Has a Missing Ancient Healing Plant Been Found?

Scientists believe that the legendary silphium is growing in Turkey.

Sep 19, 2023


Plants, Health
Has a Missing Ancient Healing Plant Been Found? | Scientists believe that the legendary silphium is growing in Turkey.

Did classical antiquity just draw closer? Is the modern plant with clusters of tiny golden flowers seen in Turkey, Ferula Drudeana, really the long-lost healing herb, silphium, prized by many Mediterranean nations during the Greek and Roman Empires leading up to the first millennium? The very same multitasking miracle that functioned as an aphrodisiac, medicine, seasoning and even a contraceptive in ancient times? The plant once so valued that it featured on coins and pottery? According to My Modern Met, this is a strong possibility, and one first announced in 2021 in this study

The researcher who connected the dots
In a September 2023 article, the publication reports that Istanbul University professor, Mahmut Miski, joined the dots while cataloging plants in the Ferula genus. He did this on Mount Hassan in Turkey, not  in Cyrene, an ancient Greek city in present-day Libya, where silphium was once documented. Still, this part of Turkey was once home to historical Greek settlements stretching back to antiquity. 
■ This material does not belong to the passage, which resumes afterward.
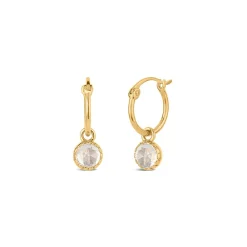 Dinny Hall Gem Drop Small Rose Cut Drops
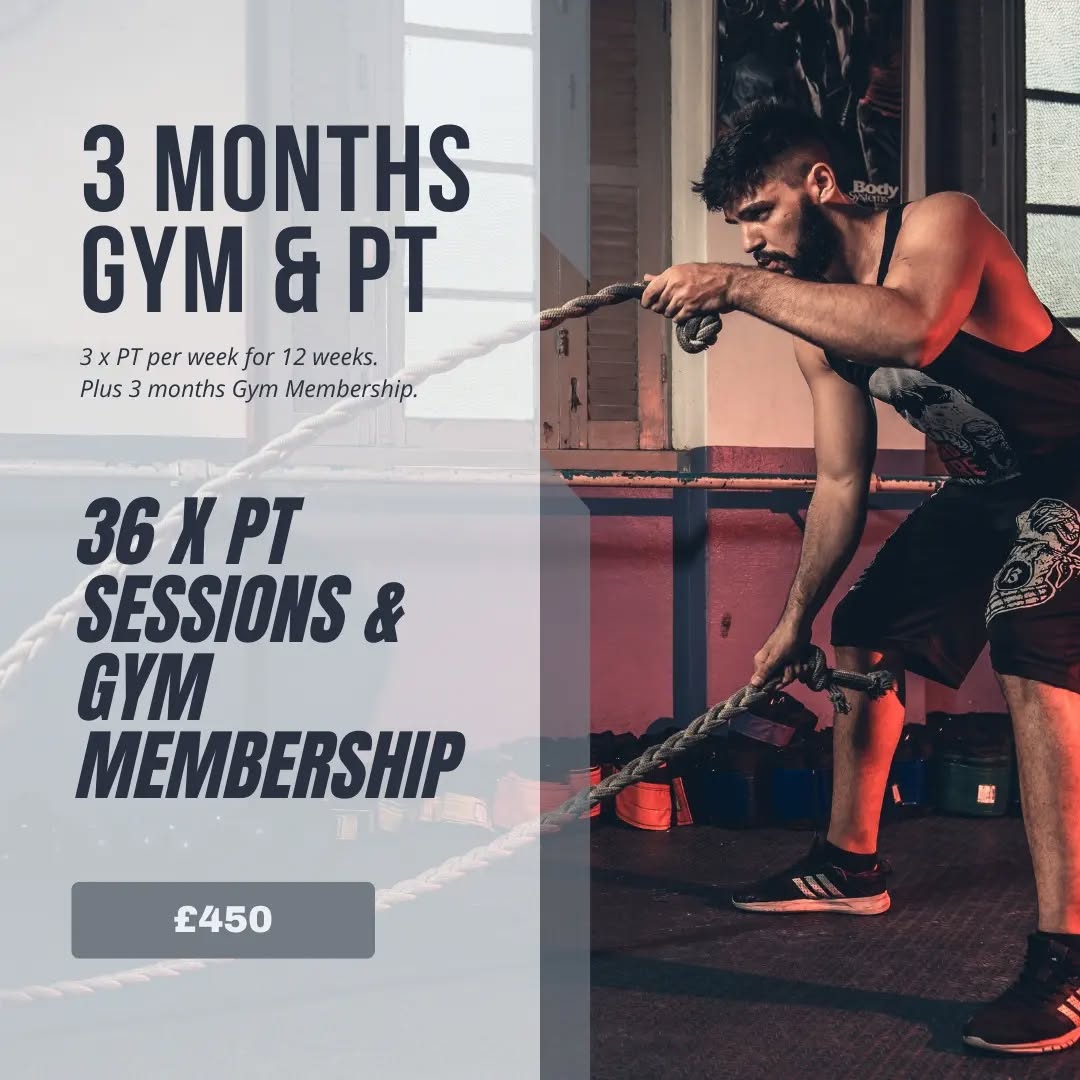 🏋️ Looking for a Personal Trainer? Message us to discuss our 3 month PT package.
#PersonalTraining #Gym #Malvern #Worcester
It dawned on this expert on naturally-derived medicines, that the stalks, flowers and leaves of the Ferula Drudeana plant closely resembled the elusive ancient plant, and that he may have stumbled upon a botanical survivor, as National Geographic reports. Significantly too, his research revealed that its compounds offer many benefits attributed to the aromatic ancient herb including anti-inflammatory and contraceptive properties, explains My Modern Met. 

There are other parallels too. Just like with silphium, goats and sheep love eating it according to modern shepherds, while it grows after heavy spring rains My Modern Met documents. And Miski also observed that flying insects drawn to the plant’s sap start to mate, reminding him of ancient accounts covering silphion’s reputed aphrodisiac qualities , as reported by National Geographic. 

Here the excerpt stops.